AI can also help recruiters rediscover candidate opportunities by analysing a job description and then cross-referencing its requirements with candidates who already exist in their ATS or CRM system. The importance of rediscovering existing candidates – in addition to sourcing new candidates – cannot be overstated, especially when it comes to filling challenging roles. Missing out on these opportunities ultimately means missing out on revenue.

The limitations of AI

Of course, technology can’t be relied upon solely to solve these issues. Recruiters themselves need to accept more responsibility for the candidate experience and look for ways to reduce bias in the search process.

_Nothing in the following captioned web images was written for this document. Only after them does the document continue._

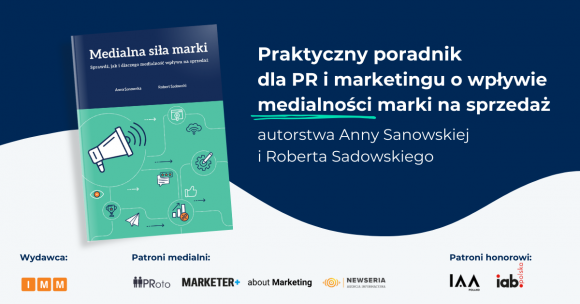 IMM - Medialna siła marki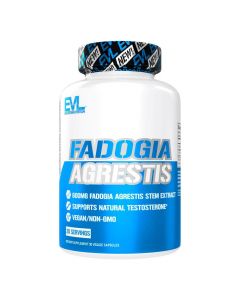 EVL Nutrition - Fadogia Agrestis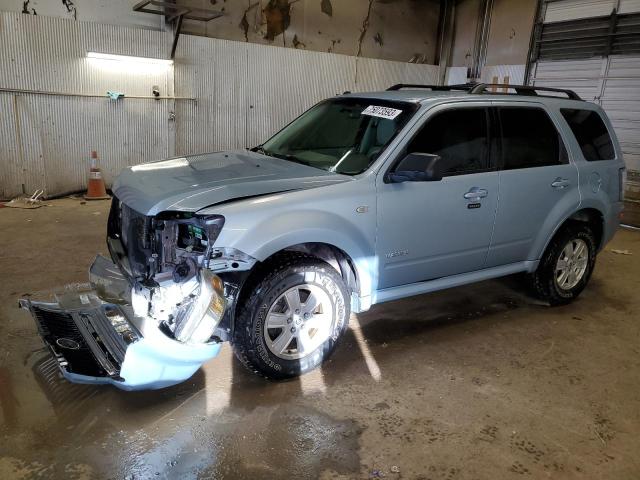 2008 Mercury Mariner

Any good recruiter will tell you that success in the industry depends on personal relations. Incorporating AI into the recruitment process won’t change this: it can connect candidates and recruiters, but it can’t build the relationships. It’s important that firms realise the limitations of AI. It can process and generate questions and answers, but there is still a long way to go before AI can truly connect with people. 

For instance, if a candidate has a speech impediment and part of the interview process is conducted orally, then they are at an immediate disadvantage. AI won’t be able to compute these communication issues and will rate the applicant poorly. What’s more, AI is programmed to ‘learn’ responses based on previous interactions. This naturally means that it won’t necessarily be capable of solving new problems as they arise.

AI cannot replace human recruiters, but it can help them do a better job. Firms need to focus on where and how AI can support their business goals – rather than expect the technology to do all the work for them. However, if and when recruiters put AI to work for them, then they will benefit from access to a more diverse pool of candidates and a more satisfied cohort of clients.